Let’s get one thing straight: there is nothing moderate about hell. If the true extent of danger is not declared, the urgent call away from that danger will not be understood. If there is no fear of the Hell I deserve for my sin, then I will never hunger for grace. It’s a counterbalance; an equal moderation. Whilst searching the web for scripture and quotes for this essay, I chanced a great quote from a man named D A Carson. He says:
“We cherish the indiscipline of lost self-control and call it relaxation; we slouch toward prayerlessness and delude ourselves into thinking we have escaped legalism; we slide toward godlessness and convince ourselves we have been liberated."

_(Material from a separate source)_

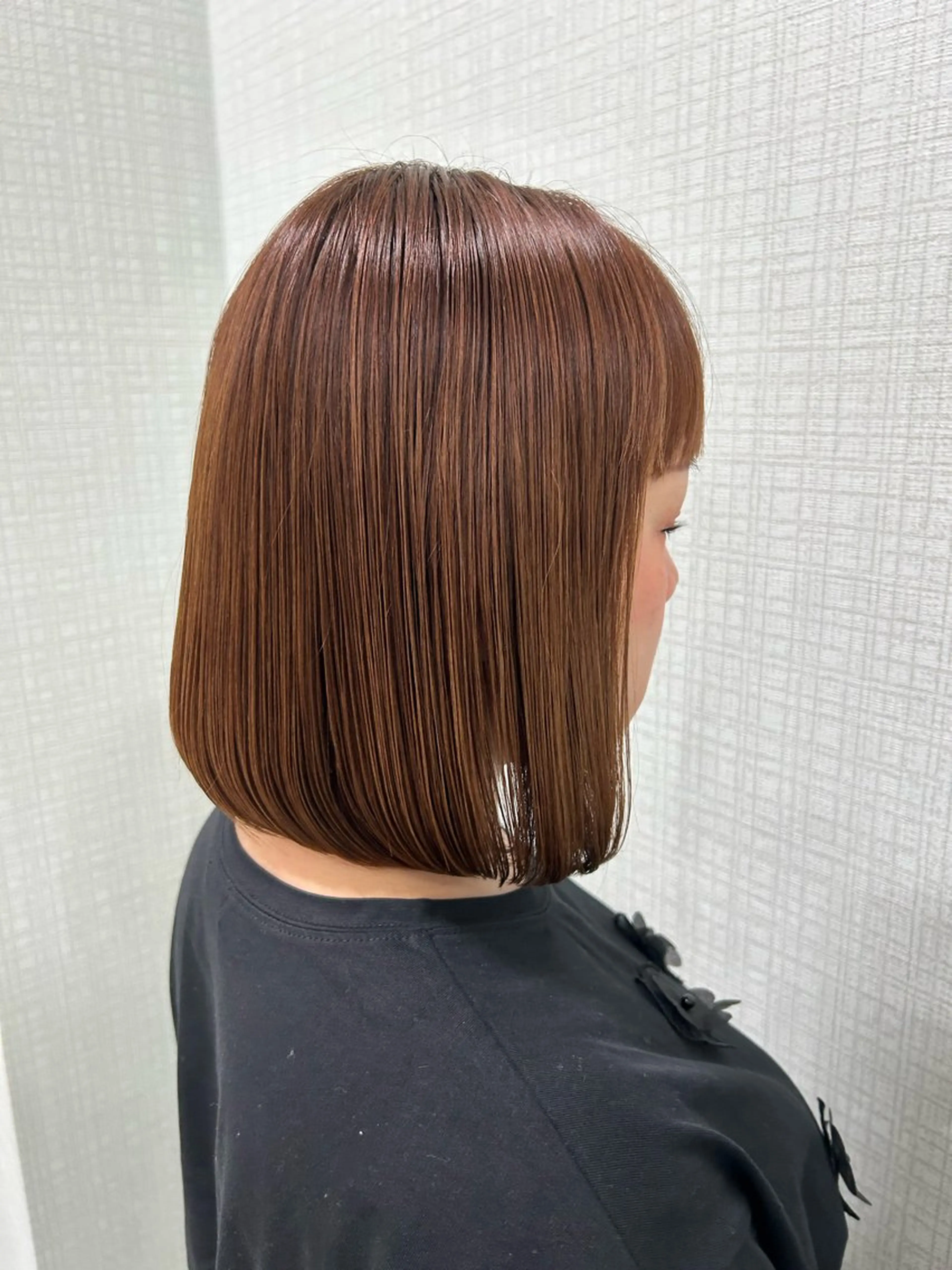 ミディアム ボブ Rune shimizu所属・Rune 横田 椿のヘアスタイル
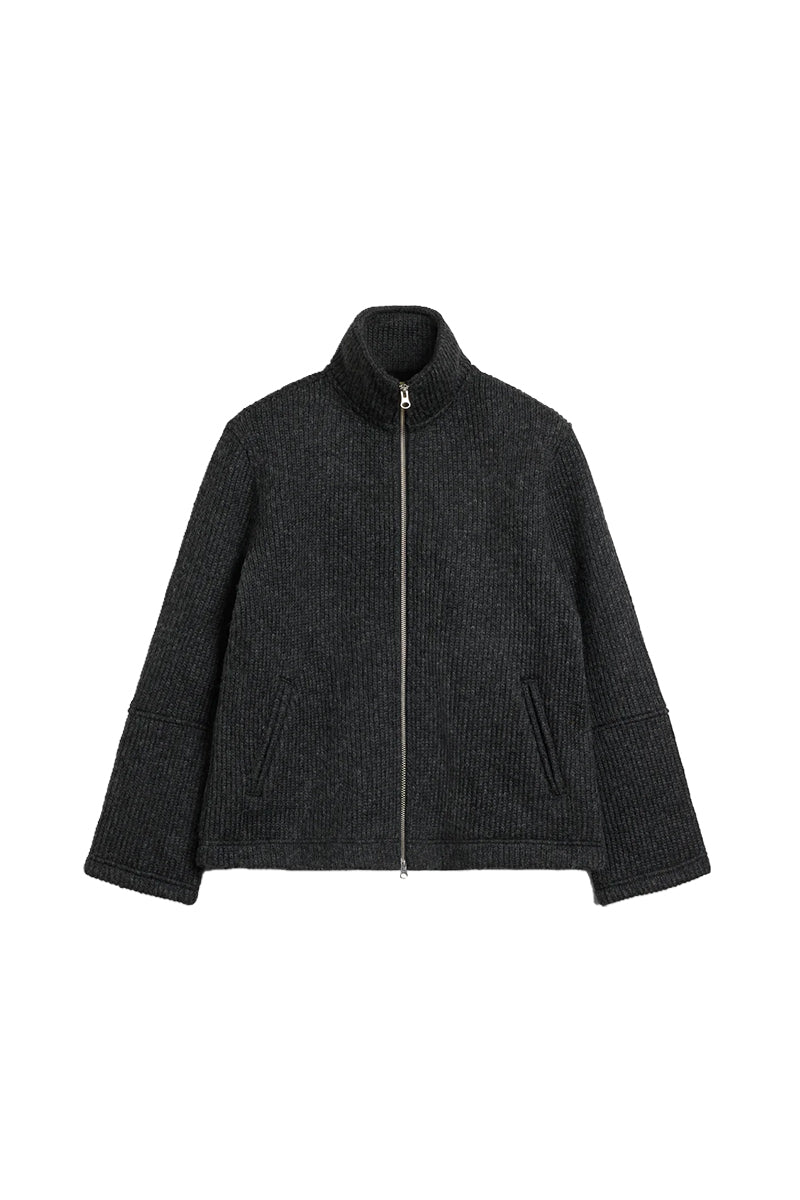Seven Wool Knitted Cardigan - Black Melange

Now, I’ve never heard of anyone by the name of D A Carson, but I agree with this obvious Scripturally-educated man. In 2 Peter 2 it says this:
“While promising them liberty, they themselves are the slaves of corruption, for by what a man is overcome, by that is he brought into bondage.”
False freedoms are found over centuries, in hundreds of historical writings, and in every country. Political leaders have long since used this tactic to ensure votes from their governed. Many people don’t even catch it. Karl Marx, the founder of Marxism (the original idea behind Communism), once said in an address:
“Workers of the world unite! You have nothing to lose but your shackles!”
And well, they did unite. But, as the history books say, the Marxist “liberation “, resulted in 70 years of slavery for Russia and the subjugation of her neighbors. Nice one, Karl.
So, I think the topic of hell and damnation should be discussed in every church, with all age groups, and all mindsets. There is not one person in the entire world that will not benefit from a hellfire and brimstone sermon. But, if being told that you are a sinful creature deserving of hell by your pastor isn’t your thing, you could always just read Revelation and hear it for yourself. Revelation is basically one big, hellfire and brimstone sermon. Fire and brimstone frequently appear as agents of divine wrath throughout the book mostly in chapters 19–21, where the devil and the ungodly are cast into a lake of fire and brimstone as an eternal punishment:
“But the cowardly, the unbelieving, the vile, the murderers, the sexually immoral, those who practice magic arts, the idolaters and all liars—they will be consigned to the fiery lake of burning sulfur. This is the second death.”
- Rev. 21:8
Who of us has ever been cowardly? Who has ever had any doubts? Who of us can say in truth that they have never lied? None.
“For all have sinned and fall short of the glory of God.”
In conclusion, hellfire and brimstone sermons are both effective and inspirational. They change lives and convert souls in ways that most things can’t. I can’t help but think of “The Minister’s Black Veil” in the way that most times, us sinners need something spectacularly un-ordinary to wake us to the fact that we are wallowing in sin and have no exit strategy. Hellfire and brimstone sermons do not only show us how horrible and hideous hell is, but they also open our eyes to how much we really need God’s gift of everlasting grace. And frankly, I think that’s worth listening to.